Looks like you are rather far from original CascadeRCNN config, using Adam instead of SGD, COCO pretraining instead of ImageNet, Res2Net instead of Resnet etc. May be it will be better to start finetuning from these basic options.

muzishen commented 4 years ago

Yes, i try again with the original Cascade RCNN and contact you again. Thank you.

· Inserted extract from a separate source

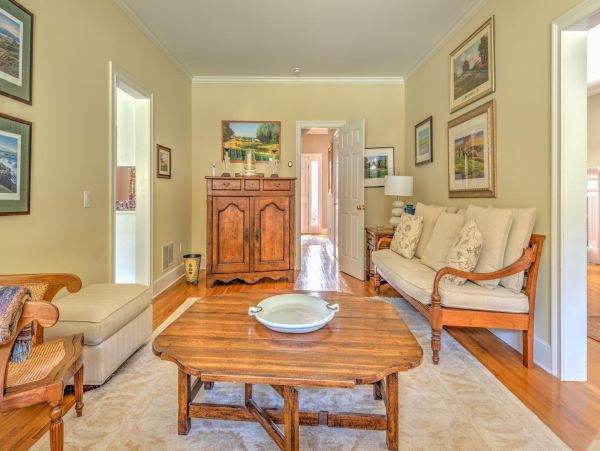 Hamptons Home 999722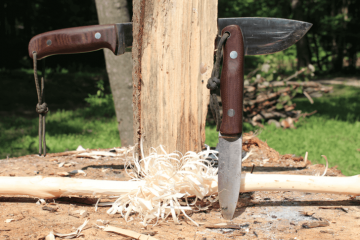 how to use your knife to make a feather stick, start a fire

hh23333 commented 3 years ago

Hello, when I try to train cascade rcnn with iterdet on crowdhuman, I found the performance very poor. The mAP is about 80% and i found a warning. I don't know if it makes a problem. ===========log============== 2020-06-15 18:32:47,161 - mmdet - INFO - Epoch [15][7500/7500] lr: 0.00010, eta: 9:32:02, time: 0.515, data_time: 0.007, memory: 17477, loss_rpn_cls: 0.0357, loss_rpn_bbox: 0.0520, s0.loss_cls: 0.1649, s0.acc: 92.7441, s0.loss_bbox: 0.1755, s1.loss_cls: 0.0771, s1.acc: 93.3403, s1.loss_bbox: 0.1801, s2.loss_cls: 0.0400, s2.acc: 92.7921, s2.loss_bbox: 0.1017, loss: 0.8270 WARNING [brambox.stat._matchboxes] Annotation and detection dataframes do not have the same image categories 2020-06-15 18:39:23,571 - mmdet - INFO - {'gts': 99481, 'dets': 184838, 'recall': 0.8096721987113117, 'mAP': 0.7833646002216192, 'mMR': 0.5025026311323174} 2020-06-15 18:39:23,575 - mmdet - INFO - Epoch [15][7500/7500] lr: 0.00010, gts: 99481, dets: 184838, recall: 0.8097, mAP: 0.7834, mMR: 0.5025

Hi, have you reproduced the results with faster-rcnn? I also got poor results on AP and recall, recall: 0.8713, mAP: 0.8383, mMR: 0.4946?